While moderate, short-lived stress responses in the body can promote growth, unrelieved activation of a child’s stress management system in the absence of protective adult can create lifelong health issues as documented in The Adverse Childhood Experiences Study.

Another ground-breaking study into the impacts of child maltreatment was the 1990s research by Dr. Vince Felitti and Dr. Bob Anda which asked 17,500 adults about their history of exposure to what they called “Adverse Childhood Experiences,” or ACEs. Those include physical, emotional, or sexual abuse; physical or emotional neglect; parental mental illness, substance dependence, incarceration; parental separation or divorce; or domestic violence. 

The evidence pointed to ACES impacting not only brain structure and function but the immune system, developing hormonal systems, DNA, and a range of adult health problems, including diabetes, hypertension, stroke, obesity, and some forms of cancer.

How does the stressful experience of child maltreatment effect a lifetime of health? The hypothalamic–pituitary–adrenal axis, the brain’s and body’s stress response system that governs our fight-or-flight response, releases stress hormones like adrenaline and cortisol into the baby’s system. Children are especially sensitive to this repeated stress activation, because their brains and bodies are just developing.

Researchers around the world agree that abuse and adversity in early childhood produces long term inequality in ability, achievement, health and adult success. Policy makers and leaders are learning from recent scientific discoveries about development in the first 1000 days of a child’s life to shape the future health of communities.

The Harvard Centre on the Developing Child assert that policy and practice should concentrate on three key principles; Supporting responsive relationships for children and adults, strengthen life skills and Reduce sources of stress in the lives of children and families.

Services like Tweddle’s support the reduction of parental stress in the critical first 1000 days (conception to age 2) which in turn improves chronic and intergenerational health outcomes for children. As experts and practitioners are proving, what is predictable is preventable. 

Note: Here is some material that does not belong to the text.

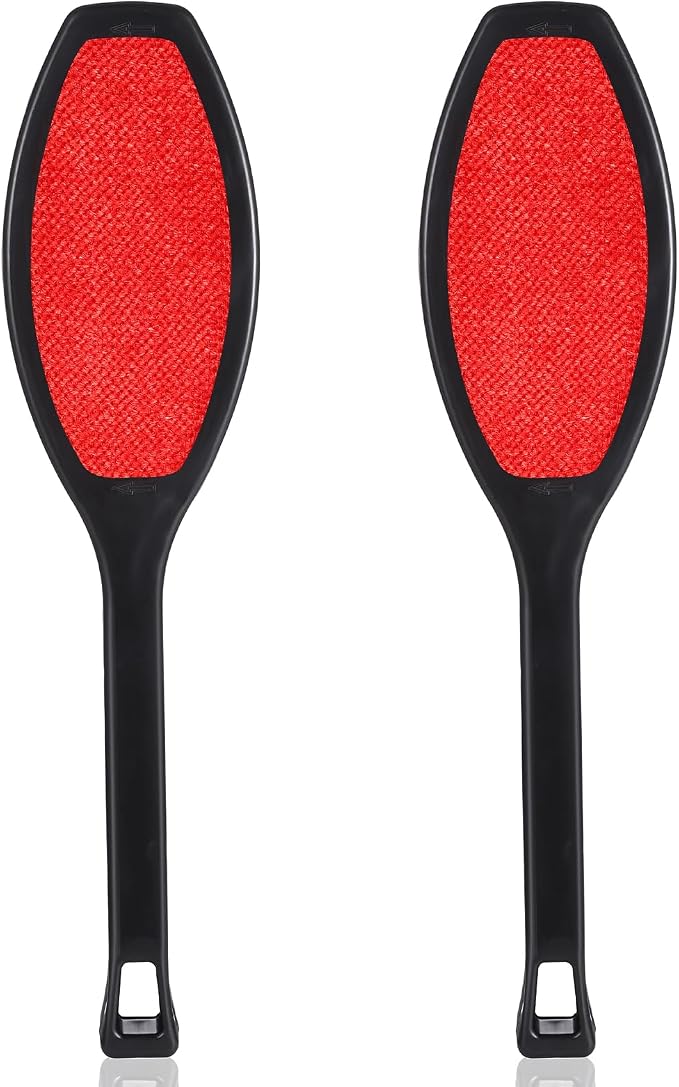 2 Pack Double-Sided Lint Brushes Reusable Lint Remover Brushes for Clothes 2 Sided Pet Hair Remover Washable Clothes Hair Roller Cleaning Brush for Sheet Carpet Furniture Fabric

Tweddle look forward to this important study bringing together a multidisciplinary team of leading researchers for the benefit of child welfare, public health and the prevention of child maltreatment, mental illness, suicide and other serious health problems.

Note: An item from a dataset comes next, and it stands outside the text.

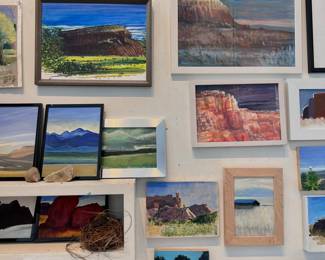 western landscapes, oils and pastels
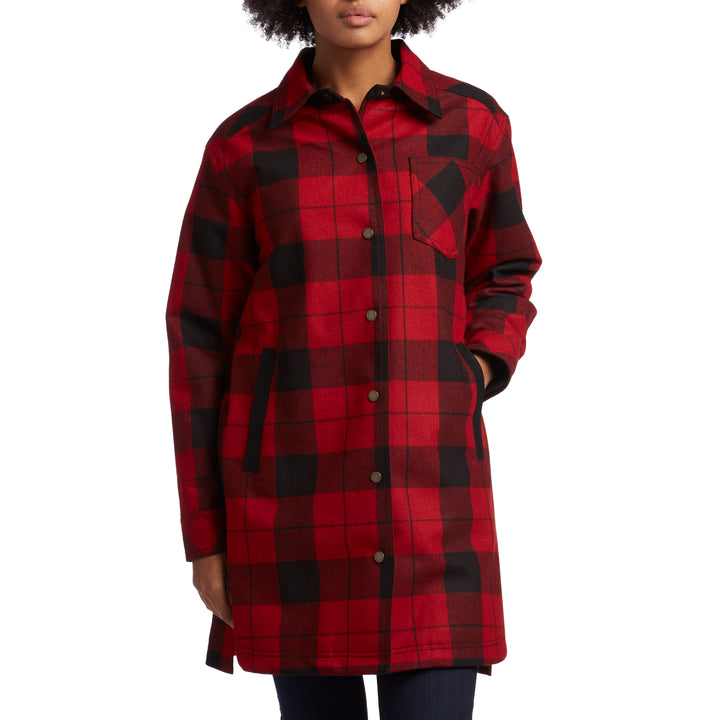 Pendleton Fargo Jacket - Women's Red Black Tartan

Research team members are:

Professor Ben Mathews (QUT), Professor Rosana Pacella (University of Chichester and QUT), Professor Michael Dunne (QUT), Associate Professor James Scott (The University of Queensland), Professor David Finkelhor (University of New Hampshire), Dr Franziska Meinck (University of Oxford), Professor Daryl Higgins (Australian Catholic University), Dr Holly Erskine (The University of Queensland), and Dr Hannah Thomas (The University of Queensland).